+++ MATERIAL FOR THE TASK +++

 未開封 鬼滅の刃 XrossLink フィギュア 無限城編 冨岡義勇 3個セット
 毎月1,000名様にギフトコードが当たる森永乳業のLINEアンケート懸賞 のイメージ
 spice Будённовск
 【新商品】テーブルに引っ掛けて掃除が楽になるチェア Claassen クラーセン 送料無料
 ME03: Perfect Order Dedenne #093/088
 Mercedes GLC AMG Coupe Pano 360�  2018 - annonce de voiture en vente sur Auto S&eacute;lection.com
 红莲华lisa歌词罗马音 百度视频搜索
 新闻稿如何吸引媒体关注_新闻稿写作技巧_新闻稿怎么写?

+++
+++ MATERIAL FOR THE TASK +++

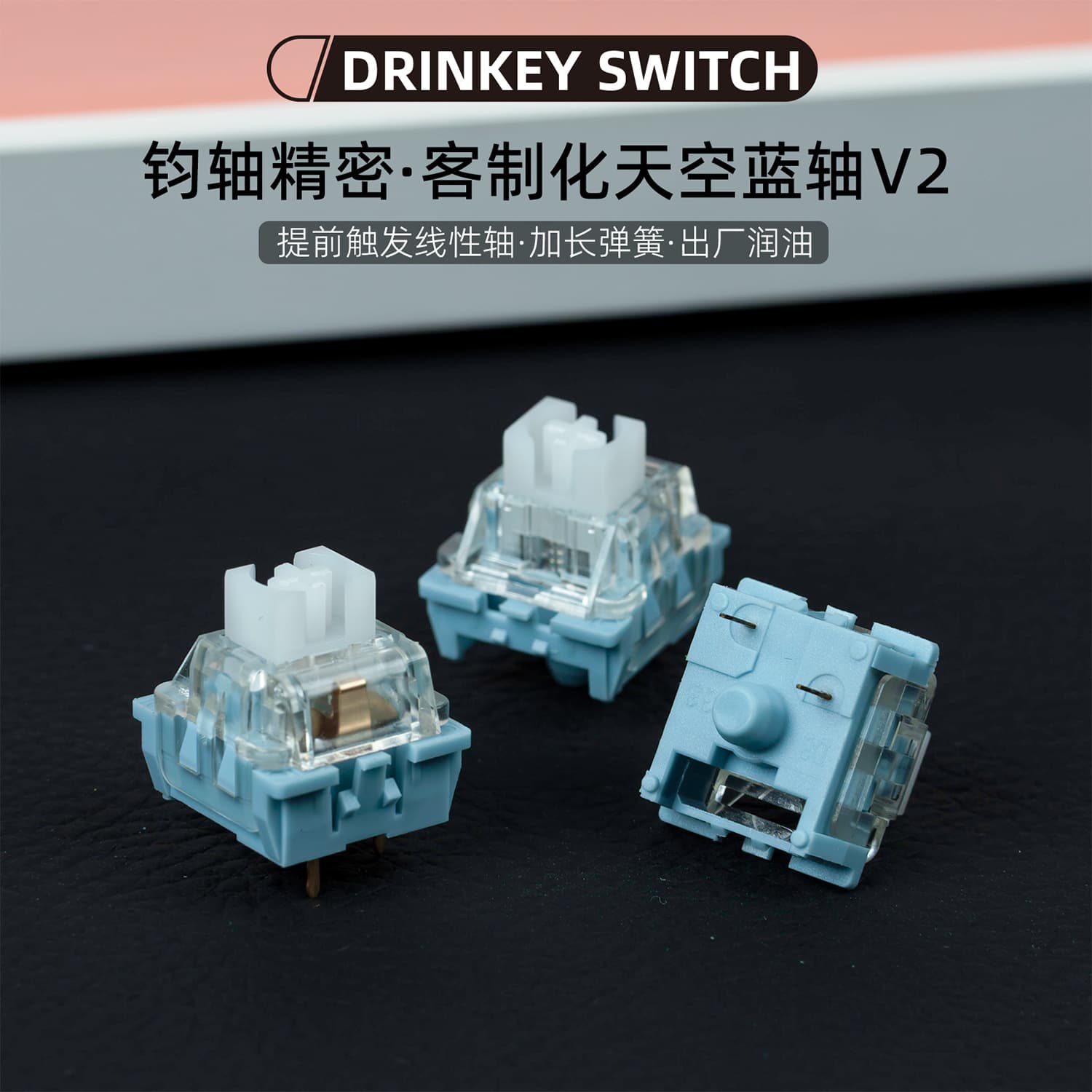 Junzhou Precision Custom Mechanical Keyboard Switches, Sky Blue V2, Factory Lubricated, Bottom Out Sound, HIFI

+++

Out of the data above, set down the lines from the one with "spice Будённовск" to the one with "新闻稿如何吸引媒体关注_新闻稿写作技巧_新闻稿怎么写?", both included, exactly as written and with no additions.

 spice Будённовск
 【新商品】テーブルに引っ掛けて掃除が楽になるチェア Claassen クラーセン 送料無料
 ME03: Perfect Order Dedenne #093/088
 Mercedes GLC AMG Coupe Pano 360�  2018 - annonce de voiture en vente sur Auto S&eacute;lection.com
 红莲华lisa歌词罗马音 百度视频搜索
 新闻稿如何吸引媒体关注_新闻稿写作技巧_新闻稿怎么写?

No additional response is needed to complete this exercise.